Crisis communication, by contrast, occurs in stage 2, during the crisis, and has very specific communications demands. Crisis communication inherently involves many acknowledged unknowns in the context of a particular event. Thus, an approach that is successful for risk communication may not succeed during a crisis.
During a crisis situation, communication with the public shifts from a dialogue about potential risks to instructional messages focused on the steps that members of the public should take to protect themselves (for example, evacuating or sheltering in place). Another aspect of response management involves connecting with others—individuals trying to connect with one another, such as families seeking to reunite, and emergency responders from a variety of agencies needing to connect with others in order to coordinate response efforts.

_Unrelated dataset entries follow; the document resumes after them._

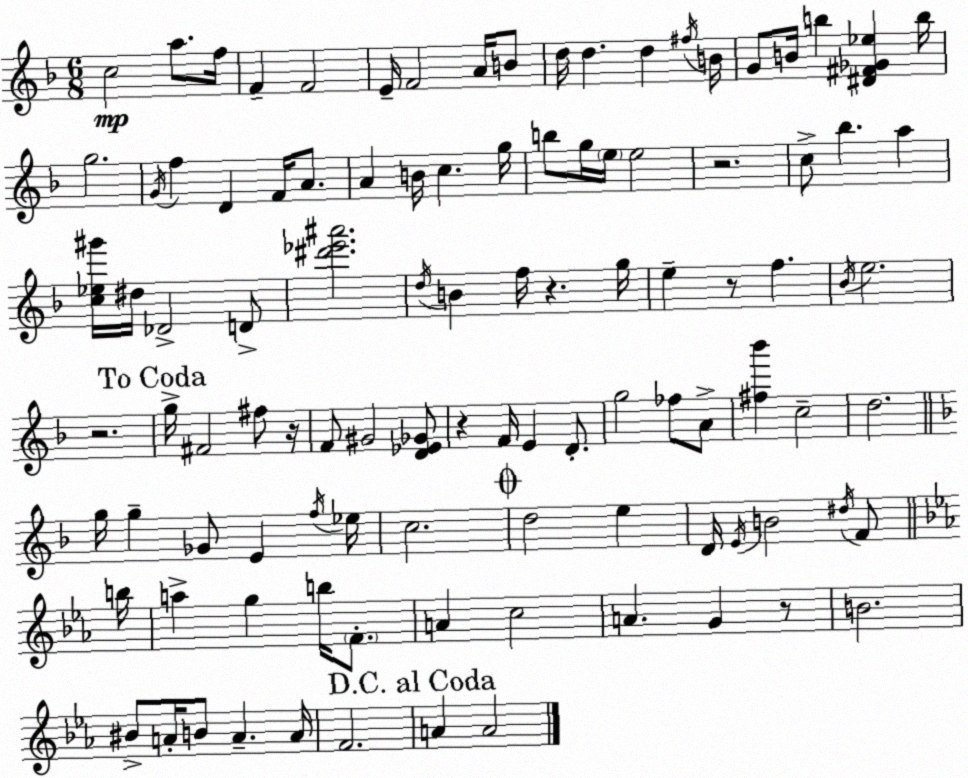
X:1
T:Untitled
M:6/8
L:1/4
K:F
c2 a/2 f/4 F F2 E/4 F2 A/4 B/2 d/4 d d ^f/4 B/4 G/2 B/4 b [^D^F_G_e] b/4 g2 G/4 f D F/4 A/2 A B/4 c g/4 b/2 g/4 e/4 e2 z2 c/2 _b a [c_e^g']/4 ^d/4 _D2 D/2 [^d'_e'^a']2 d/4 B f/4 z g/4 e z/2 f _B/4 e2 z2 g/4 ^F2 ^f/2 z/4 F/2 ^G2 [D_E_G]/2 z F/4 E D/2 g2 _f/2 A/2 [^f_b'] c2 d2 g/4 g _G/2 E f/4 _e/4 c2 d2 e D/4 E/4 B2 ^d/4 F/2 b/4 a g b/4 F/2 A c2 A G z/2 B2 ^B/2 A/4 B/2 A A/4 F2 A A2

OLD MEDIA VERSUS NEW MEDIA
The traditional view of information dissemination centers on the command post. Alerts and warnings are prepared by public officials, media receive their information from briefings by public information officers (PIOs), and the public receives its information from the media. According to the traditional view, the perception of the crisis is tightly controlled by the context of the briefing room and the information that the PIO chooses to provide. Likewise, information is mediated, the timing of the information is very controlled, and direct access to the crisis zone is controlled. Regardless of which news source people turn to, they receive much the same information.
Today’s media can provide unfiltered, more-immediate information. Long before an alert is delivered by CMAS or another official source, information about the event will most likely already be available on social media sites, such as Twitter or Facebook, that support online social interaction, including the widespread sharing of people’s observations about current events. Information shared using these tools, or even information simply exchanged among individuals, includes not only text but images and video, which are readily captured using mobile telephones. As a result, those directly affected by a disaster can also become key sources of information about the event. These tools also change conventional news gathering—reporters can use cell phones
to interview people at the scene of an event or to gather both still images and video quickly.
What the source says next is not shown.